First CCBIO book release
The ethics, economics and ELSA research groups of CCBIO are coordinating their research activities ever more. In April they published their first joint book volume "Cancer Biomarkers: Ethics, Economics and Society".
Shared Platform for Ethics, Economics and ELSA groups
A shared platform for CCBIO´s research in ethics, economics and ELSA topics has recently been established. A core element in the transformation of cancer medicine into precision medicine is that individuals rather than groups become the unit of analysis. By joining forces they will be able to understand better the implications and preconditions of this transformation in terms of ethical considerations, market mechanisms, scientific development and the political economy of cancer research.
The promise of cancer biomarkers
Cancer care is undergoing a shift from a ‘one-size-fits all’ approach to more personalised medicine. One way of personalising cancer treatments is through biomarkers: molecules or biochemical changes found in the patient’s tissues and body fluids.

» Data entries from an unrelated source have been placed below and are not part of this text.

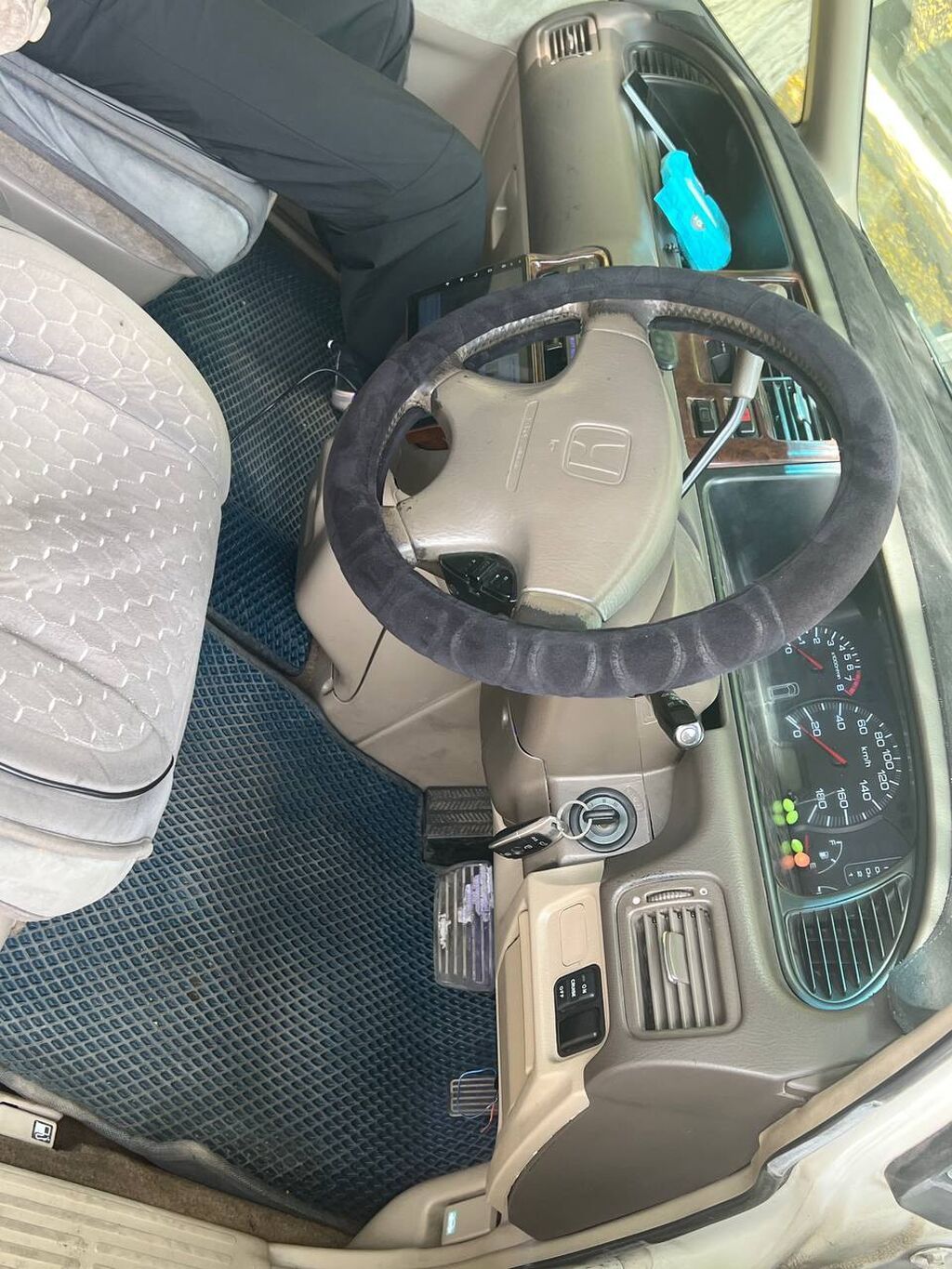 Honda Odyssey: 1999 г., 3 л, Автомат, Бензин, Минивэн: фото 7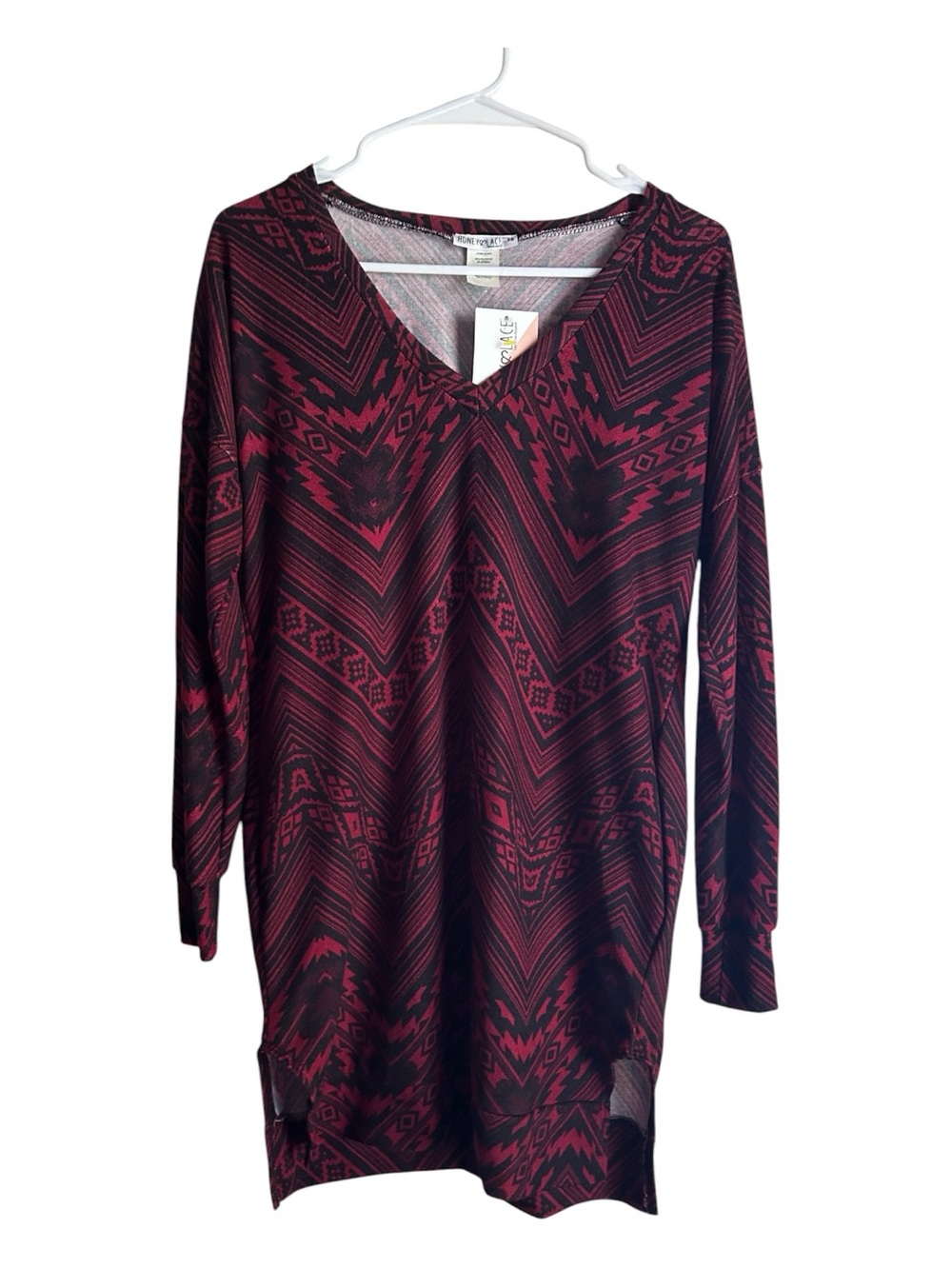 Honey & Lace Size XS Aztec Pattern V‑Neck Tunic in Burgundy & Black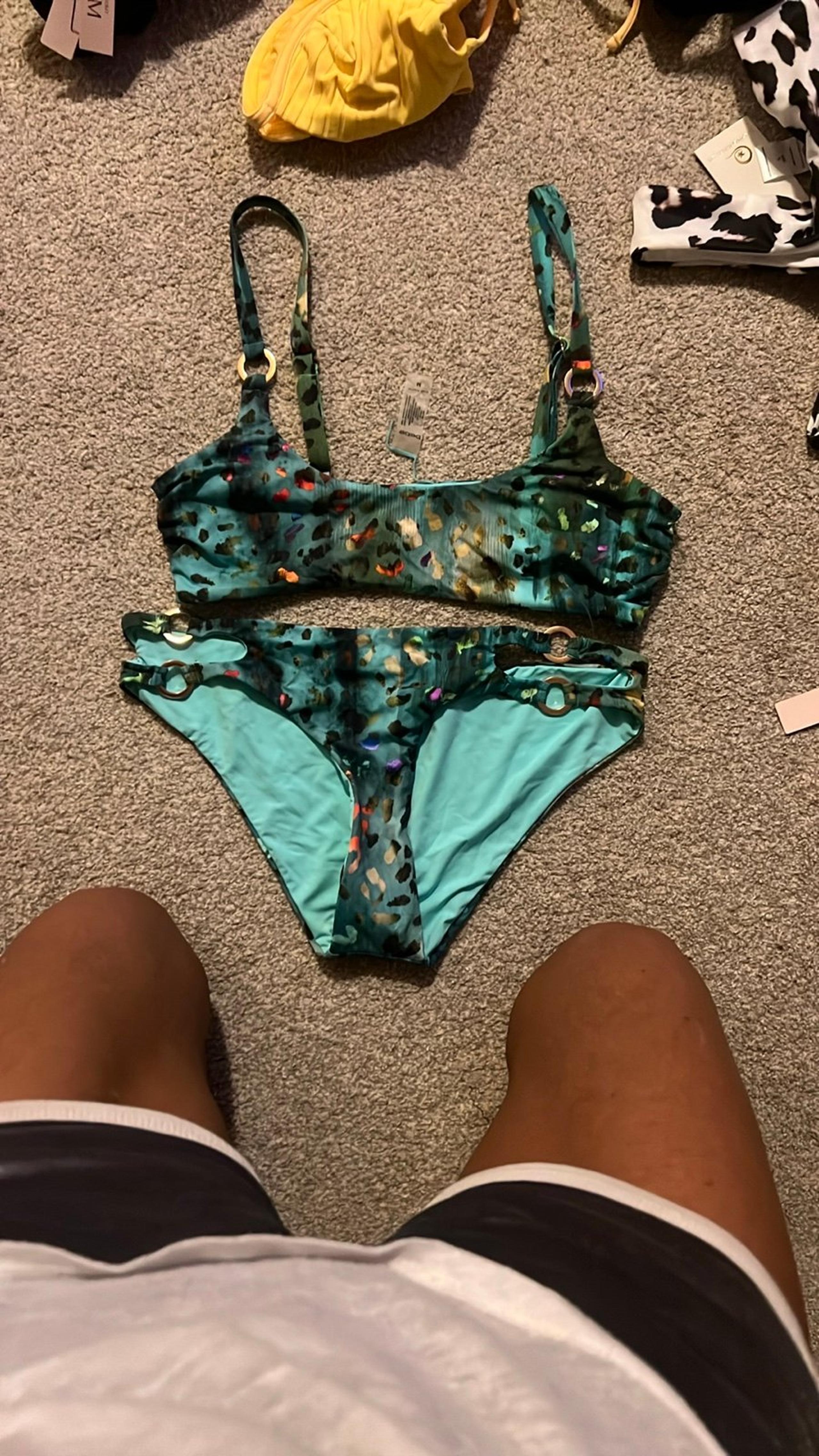 Bebe bikini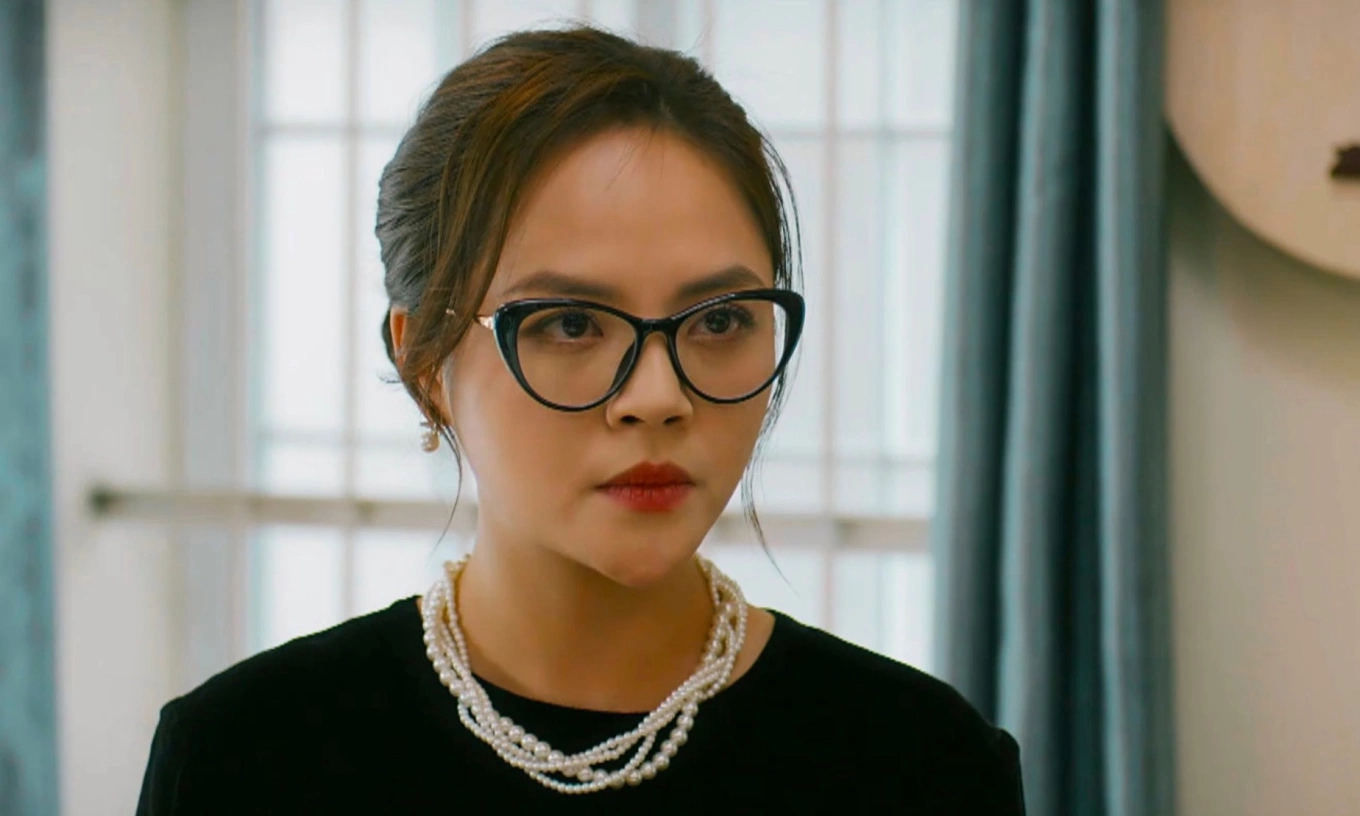 Mỹ nhân Việt được Bộ Quốc Phòng khen thưởng: Đóng tận 5 phim top 1 rating cả nước, nhan sắc thăng hạng dữ dội- Ảnh 6.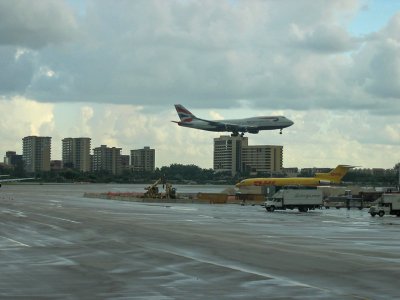 IMG_1017_ Watching the planes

This book reflects upon the promise of cancer biomarkers and asks questions such as: How may the complexity of cancer biology impede the robustness of biomarkers in the clinic? How should one draw the line between the various sub-groups of patients for personalised treatment? How can one evaluate the cost-effectiveness and fairness of personalised cancer treatments? By bringing together authors from the fields of science and technology studies, medical ethics and philosophy, health economics and oncology, the book aims to give a critical yet accessible overview of some of the key social, ethical and economic issues that surround cancer biomarkers.
Stimulating our reflections
CCBIO Director Lars A. Akslen comments about the book:
"In this book, important topics surrounding the medical part of biomarker research are presented and discussed. Key questions are asked and reflected upon: What is a good (enough) biomarker ? How should we prioritize in modern cancer treatment? Can biomarkers make a real difference? How can biomarkers change and improve the cost structure when using very expensive drugs and when only a few patients respond to the treatment? How can we deal with big data profiles for individual patients - such as patterns of genetic alterations or functional protein signatures ?
Hopefully, these thoughtful chapters can stimulate our reflections on how we design and perform biomarker research. On top of basic and clinical projects, we have realized that bringing in these additional topics have intensified our reflection on own activities. This goes to the core of the RRI-concept, i.e. to perform responsible research and innovation."
Bruce Zetter, Charles Nowiszewski Professor of Cancer Biology in the Department of Surgery, Harvard Medical School, comments:
"The book should be required reading for oncologists, medical students, graduate students and especially for those who make policy decisions regarding the use and reimbursement of cancer biomarkers."
Our congratulations to the editors Roger Strand and Anne Blanchard!